[Stored dataset items]

Start of Block

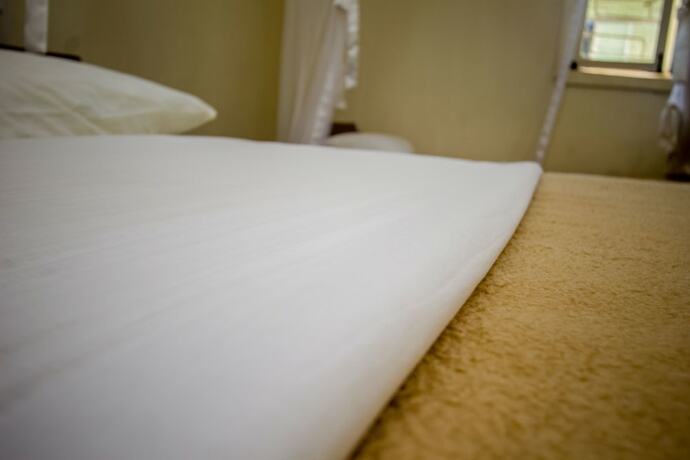 Imagen de la habitación del Hotel Emirina Travel. Foto 20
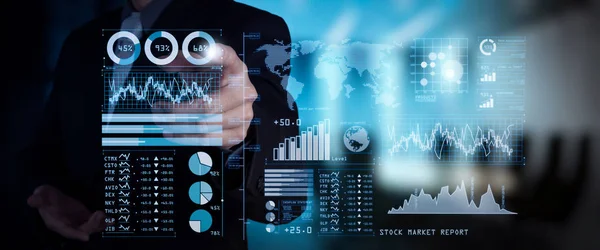 Investidor Analisando Relatório Mercado Ações Painel Financeiro Com Inteligência Negócios — Fotografia de Stock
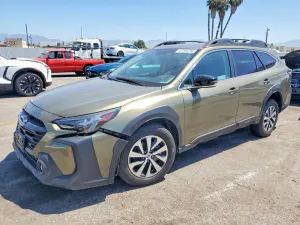 Subaru Outback 2.5L 4 2025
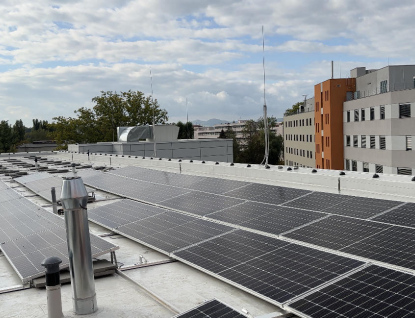 Nový fotovoltaický systém pomáhá Uherskohradišťské nemocnici zvýšit energetickou soběstačnost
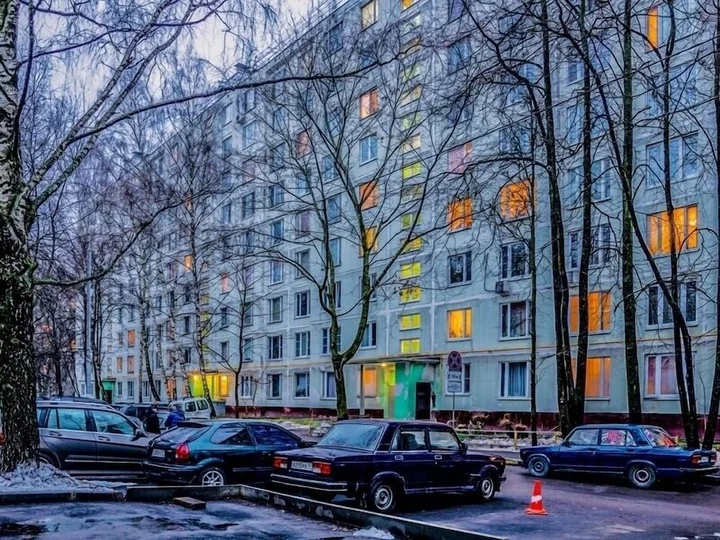 Москва: Апартаменты, Введенского, 10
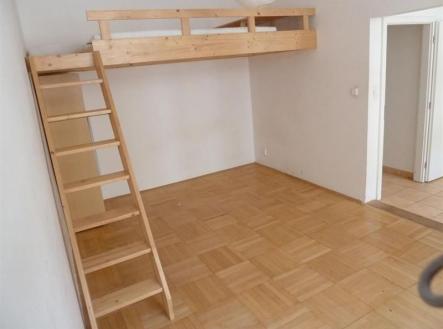 . | Pronájem bytu, 1+1, 32 m²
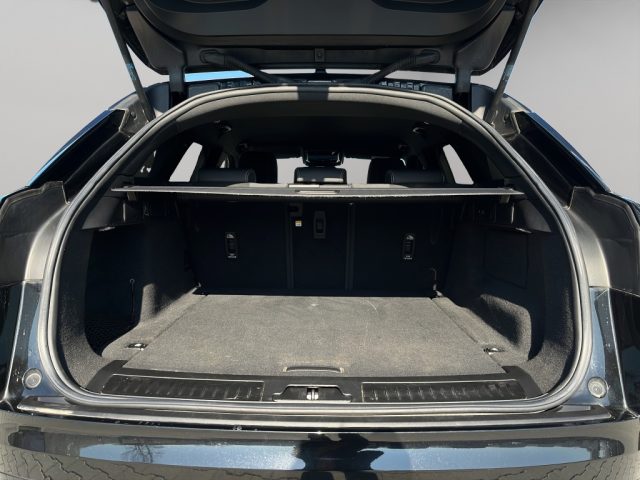 LAND ROVER Range Rover Velar usata, con Autoradio digitale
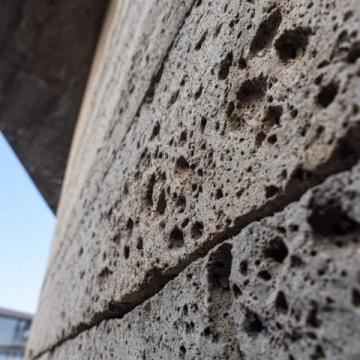 墙固就是指水泥、混凝土等建筑材料固化后的硬性物质。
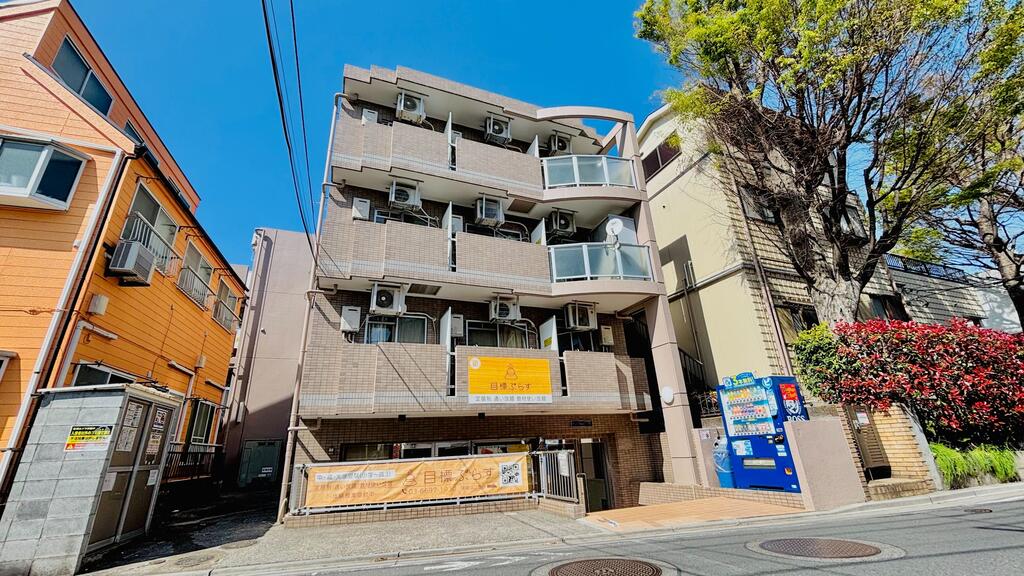 建物外観　月に2回、建物の清掃・巡回を行っています！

End of Block

**Work item:**
Copy exactly, please, every line from the one holding "bytu, 1+1, 32 m²" through the last line of the data, both ends included, and no pictures.

**Task solution:**
 . | Pronájem bytu, 1+1, 32 m²
 LAND ROVER Range Rover Velar usata, con Autoradio digitale
 墙固就是指水泥、混凝土等建筑材料固化后的硬性物质。
 建物外観　月に2回、建物の清掃・巡回を行っています！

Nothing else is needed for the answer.